更に元ギルド員の密告によりその現状が浮き彫りになりつつあった。
そして有識者は民衆に問う。
国力を上げねばならない時に勇者を追放したのは何事かと。
勿論彼女の悪政はこれだけではない。
海賊を減らす為にと航海すれば税が掛かる。
山賊を減らす為にと関所を造れば、通行料として同じく税を取られた。
結果として継続的に払える者は少なく、行商などの職を失う者も居れば、ギルド員の減少も相まって、賊は減るどころか増えて行った。
おまけにその税収の使い道は不透明。
その真相は言うまでもないが、民衆から徴収した税は彼女の贅として消費されたのは想像に難くない。

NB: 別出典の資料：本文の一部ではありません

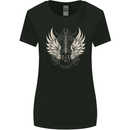 Guitar Wings Rock n Roll Music Heavy Metal Womens Wider Cut T-Shirt Black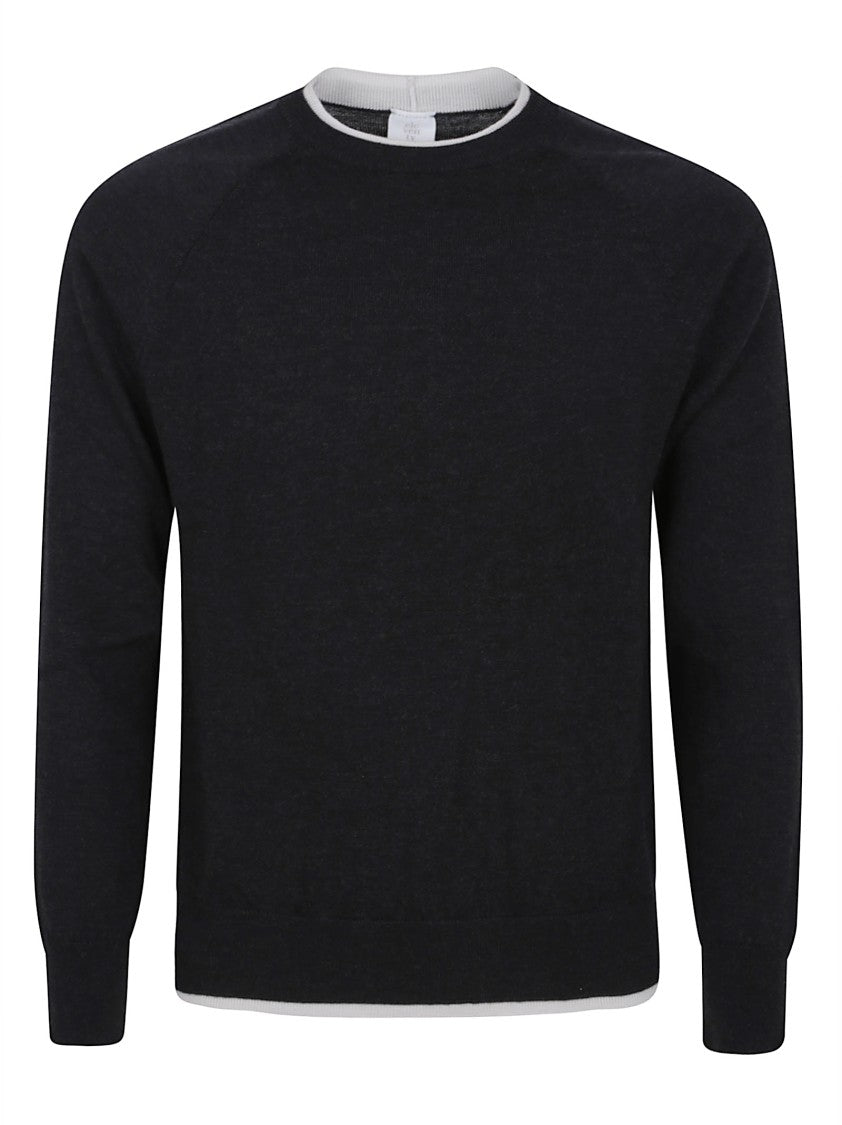 Eleventy Mock Neck Sweater With Contrasting Ribbed Detailing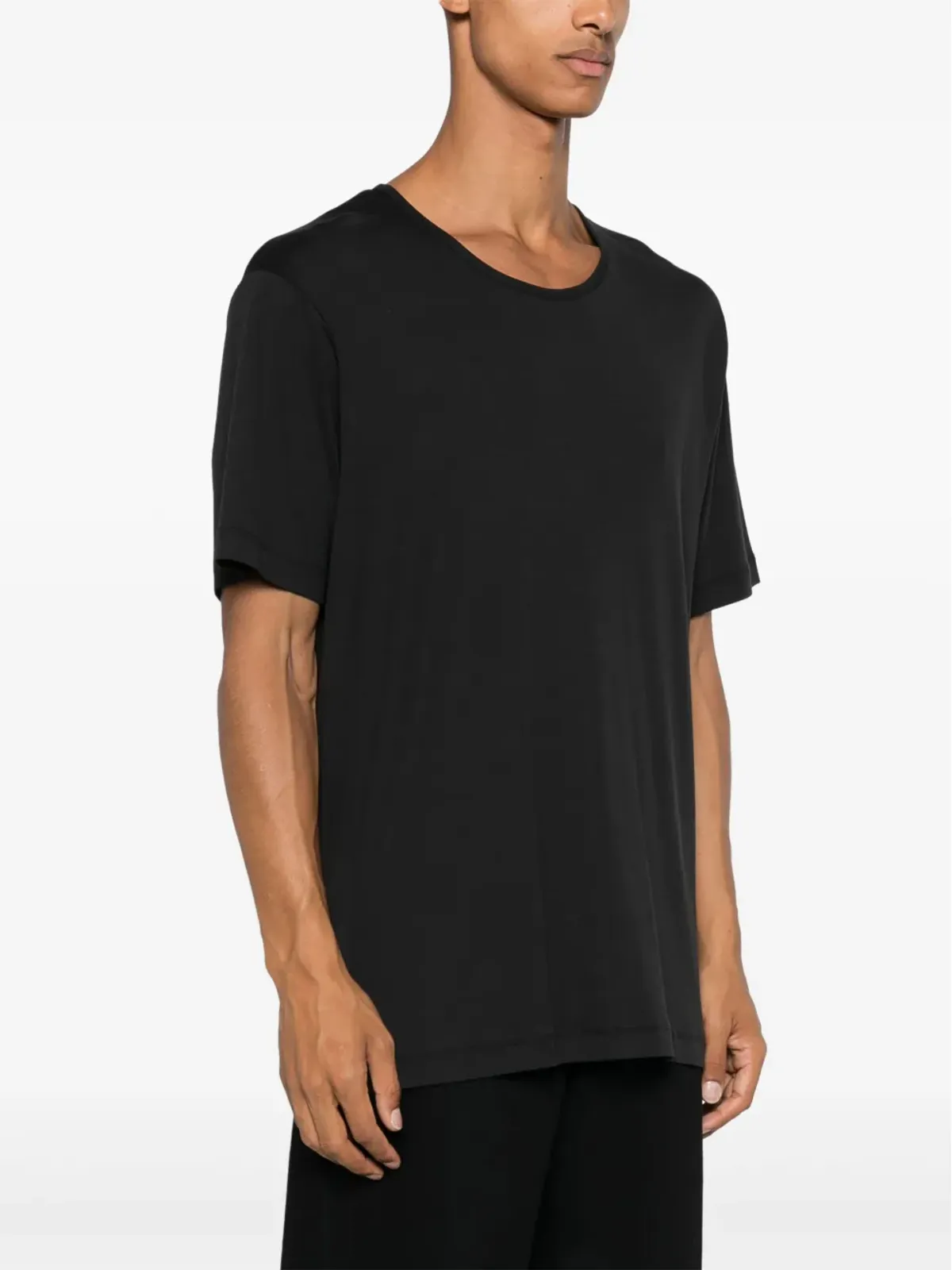 LEMAIRE リブ編み Uネック Tシャツ - ブラック - 画像3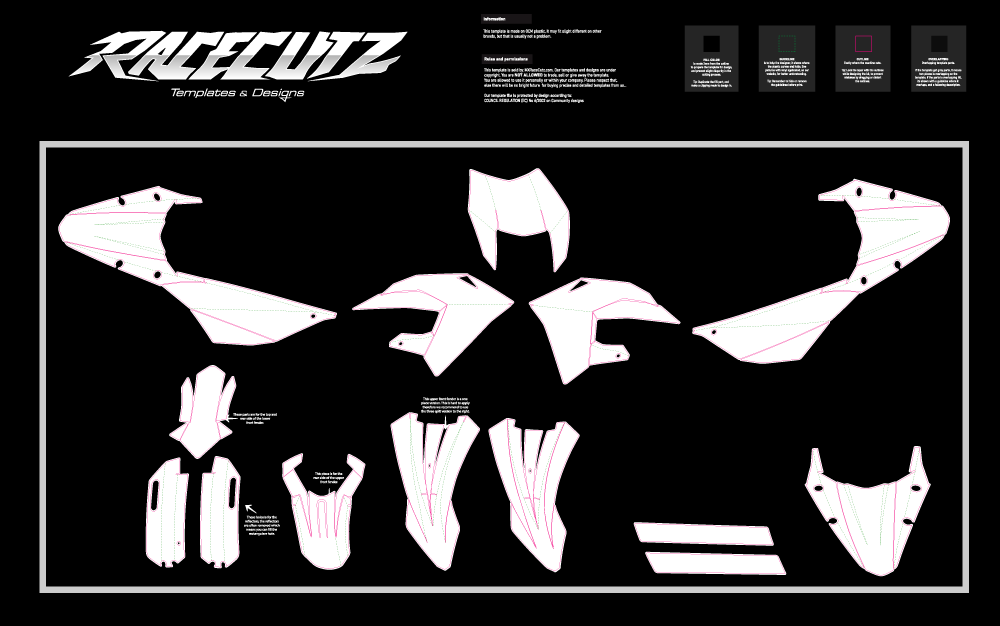 VIARELLI SM 50 & ZÜNDAPP ZXE+ZXM 50 & MASAI X-RAY TEMPLATE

アランはそんな国政を立て直すべく元国王により密かにな任務を言い渡されていたのだ。
「と言う事なのだ。勿論ただでとは言わない。
それなりの待遇も用意している。
兎に角今は形だけでもいいんだ」
必死に説得を試みるアランだが、彼の顔は緩む事は無かった。
「俺には関係ない。それにイスラーの事はどうした?
先ず先に俺よりイスラーの待遇をなんとかするべきだろ?まぁ今となっちゃ関係ないがな。
兎に角俺は戻るつもりはない」
頑ななその態度に諦め掛けたその時──
「私と結婚しろぉぉおおお!!」
叫び声と共に金髪の少女がウリュウに迫るとドロップキックをカマした。
その飛び蹴りがウリュウの胸部に炸裂するがその体幹はピクリとも動かない。
「──⁉︎」
時が止まったかの様な一瞬の静寂を破る様に胸に掛かる脚をガシリと掴むとそのままブンブンと振り回す。
一頻り勢いを付けると──
──ビタンッ!!
地面に叩き付けられた総身は強烈な炸裂音を奏でた。
補足
王都精鋭部隊
国を守るのが一番の使命。
ギルド
街の依頼を受ける
正規の冒険者
ランクに応じて毎月一定の金額を貰い受ける。
非正規冒険者
その都度依頼を受け、一定の金額を報酬とする。
正規ギルド員と比べて搾取される手数料が多い。